Why your company should NOT use “Big Data”

We have all heard the cliché of the 80/20 principle: 80% of impact comes from 20% of effort (or 20% of your customers provide 80% of your revenue. In actual practice everywhere I’ve looked it is usually closer to the “70/30 principle”, but the concept still applies). Regardless of the actual numbers, the principle is rarely applied to marketing activities.

The latest trend is “Big Data”. The original concept of Big Data was the concept of using all of the information a company collect that was being thrown away due to costs and capacity constraints. With the rapidly declining cost of storage and retrieval, combined with machine learning, we should be able to find insights in all that ‘garbage data’ and use it to make better decisions in the core business. At least that’s the theory. As far as the basic theory goes it’s all true, but it’s not the full story.

Like a lot of trends, the drive to mastering Big Data has gone a little overboard. Google searches for the term “Big Data” has grown from practically nothing in 2010 to almost 200,000 searches a month by the end of 2013 [see chart from Google Trends below], and people selling products and services have caught on (The suggested Paid Search Bid for the term “Big Data” is now over $9 per click. To put into perspective the term “Las Vegas Hotels” only has a suggested bid of $3.71, and that term is far more action oriented than the generic “Big Data”). Products or services that were once described as analytic or database or statistical four years ago has suddenly morphed into “Big Data Solutions” (I’ve heard Nate Silver’s work been described as “Big Data”. Mr. Silver does straightforward statistical analysis and communicates it in a compelling way. But he is not, at least in his popular blog, doing “Big Data”). Consulting firms pitch their ability to help companies “leverage” their “Big Data”. It has become so ingrained in company cultures that to say you don’t want to use Big Data is a bit like saying you are against data-driven decision making. It would be career suicide to say Big Data is a waste of company time and resources.
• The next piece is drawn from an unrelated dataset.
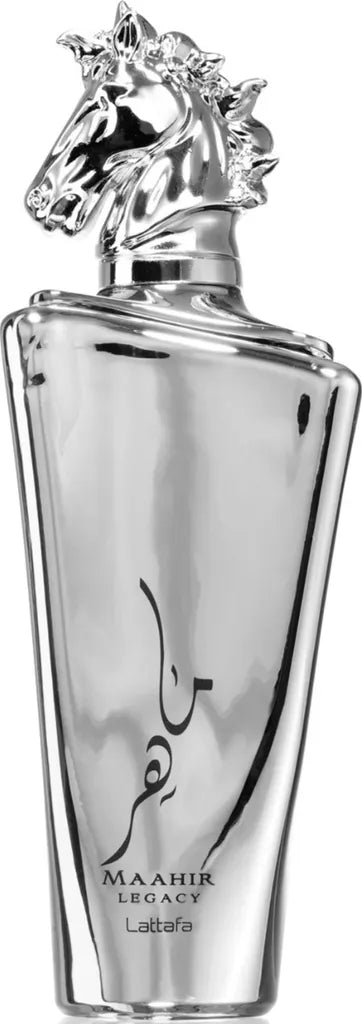 Lattafa Maahir Legacy Eau De Parfum 100ml (unisex) | Dinar Bazaar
But that’s exactly what I am going to do.

I am not going to argue that Big Data when done properly cannot create value. What I will argue is that if you are not already dominating your field and mastered all of the basics, then any dive into Big Data is just chasing a trend and a waste of your team’s time.

I think the best way for me to drive home the argument is with a series of examples.

Why Sales Does Not Need Big Data

Recently the head of sales and marketing for Fortune 500 company asked me how he should best use the browsing history of his customers to determine the priority of sales follow-up calls. This is a classic example of Big Data – its data that was being collected (somewhere) and thrown away. And that data could definitely tell us something more than we know right now. Sounds like a no brainer, right? He thought so.

I told him not to bother.

There are three reasons why (As an alumni of McKinsey I have learned there are always exactly three reasons for just about everything):

Using this data is much much harder than it first looks
The impact you will get is much much lower than you think it will be; and
You can achieve significantly more impact if you do a few other things that you aren’t doing now

Let’s start with #3.

Here is what I told him I would do if I was in his shoes:

First, understand what your current follow-up procedure is. Do you have a standardized follow-up protocol that has high compliance across your entire organization, or is every location doing it their own way? The answer was the latter. If you haven’t standardized the basic flow, then what are you going to do with the new information you get from the Big Data? Are you just going to share it with the field and hope they all use it the way you want them to? Are you going to take that data with a bunch of other stuff you have and try to change the way each location is operating.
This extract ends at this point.